*** Block opens ***
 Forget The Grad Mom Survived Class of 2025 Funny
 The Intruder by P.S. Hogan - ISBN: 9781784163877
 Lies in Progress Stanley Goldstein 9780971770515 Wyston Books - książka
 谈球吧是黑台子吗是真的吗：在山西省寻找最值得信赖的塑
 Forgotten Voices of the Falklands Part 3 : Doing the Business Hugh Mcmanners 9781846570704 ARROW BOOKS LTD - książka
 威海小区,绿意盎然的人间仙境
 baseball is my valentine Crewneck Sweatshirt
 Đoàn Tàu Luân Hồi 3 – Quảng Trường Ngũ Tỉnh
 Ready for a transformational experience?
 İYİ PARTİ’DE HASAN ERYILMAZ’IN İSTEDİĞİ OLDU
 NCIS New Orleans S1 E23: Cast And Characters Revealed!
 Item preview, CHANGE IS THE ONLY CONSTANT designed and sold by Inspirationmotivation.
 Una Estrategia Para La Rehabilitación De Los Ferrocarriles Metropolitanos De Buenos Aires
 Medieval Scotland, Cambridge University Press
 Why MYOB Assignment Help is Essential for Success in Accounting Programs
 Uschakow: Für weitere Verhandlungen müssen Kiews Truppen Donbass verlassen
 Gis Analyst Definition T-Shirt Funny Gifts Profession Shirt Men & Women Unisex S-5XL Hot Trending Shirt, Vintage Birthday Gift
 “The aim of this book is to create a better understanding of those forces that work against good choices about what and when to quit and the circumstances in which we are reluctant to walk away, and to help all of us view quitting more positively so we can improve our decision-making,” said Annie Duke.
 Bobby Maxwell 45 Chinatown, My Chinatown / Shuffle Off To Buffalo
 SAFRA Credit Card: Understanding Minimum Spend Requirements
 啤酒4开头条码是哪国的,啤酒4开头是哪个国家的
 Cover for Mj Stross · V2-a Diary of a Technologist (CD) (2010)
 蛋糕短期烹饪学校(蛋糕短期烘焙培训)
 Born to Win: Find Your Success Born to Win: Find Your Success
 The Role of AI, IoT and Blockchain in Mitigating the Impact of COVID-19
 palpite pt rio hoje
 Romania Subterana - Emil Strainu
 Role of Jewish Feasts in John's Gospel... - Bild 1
*** Block closes ***
Set down, exactly and completely, all of the material.

 Forget The Grad Mom Survived Class of 2025 Funny
 The Intruder by P.S. Hogan - ISBN: 9781784163877
 Lies in Progress Stanley Goldstein 9780971770515 Wyston Books - książka
 谈球吧是黑台子吗是真的吗：在山西省寻找最值得信赖的塑
 Forgotten Voices of the Falklands Part 3 : Doing the Business Hugh Mcmanners 9781846570704 ARROW BOOKS LTD - książka
 威海小区,绿意盎然的人间仙境
 baseball is my valentine Crewneck Sweatshirt
 Đoàn Tàu Luân Hồi 3 – Quảng Trường Ngũ Tỉnh
 Ready for a transformational experience?
 İYİ PARTİ’DE HASAN ERYILMAZ’IN İSTEDİĞİ OLDU
 NCIS New Orleans S1 E23: Cast And Characters Revealed!
 Item preview, CHANGE IS THE ONLY CONSTANT designed and sold by Inspirationmotivation.
 Una Estrategia Para La Rehabilitación De Los Ferrocarriles Metropolitanos De Buenos Aires
 Medieval Scotland, Cambridge University Press
 Why MYOB Assignment Help is Essential for Success in Accounting Programs
 Uschakow: Für weitere Verhandlungen müssen Kiews Truppen Donbass verlassen
 Gis Analyst Definition T-Shirt Funny Gifts Profession Shirt Men & Women Unisex S-5XL Hot Trending Shirt, Vintage Birthday Gift
 “The aim of this book is to create a better understanding of those forces that work against good choices about what and when to quit and the circumstances in which we are reluctant to walk away, and to help all of us view quitting more positively so we can improve our decision-making,” said Annie Duke.
 Bobby Maxwell 45 Chinatown, My Chinatown / Shuffle Off To Buffalo
 SAFRA Credit Card: Understanding Minimum Spend Requirements
 啤酒4开头条码是哪国的,啤酒4开头是哪个国家的
 Cover for Mj Stross · V2-a Diary of a Technologist (CD) (2010)
 蛋糕短期烹饪学校(蛋糕短期烘焙培训)
 Born to Win: Find Your Success Born to Win: Find Your Success
 The Role of AI, IoT and Blockchain in Mitigating the Impact of COVID-19
 palpite pt rio hoje
 Romania Subterana - Emil Strainu
 Role of Jewish Feasts in John's Gospel... - Bild 1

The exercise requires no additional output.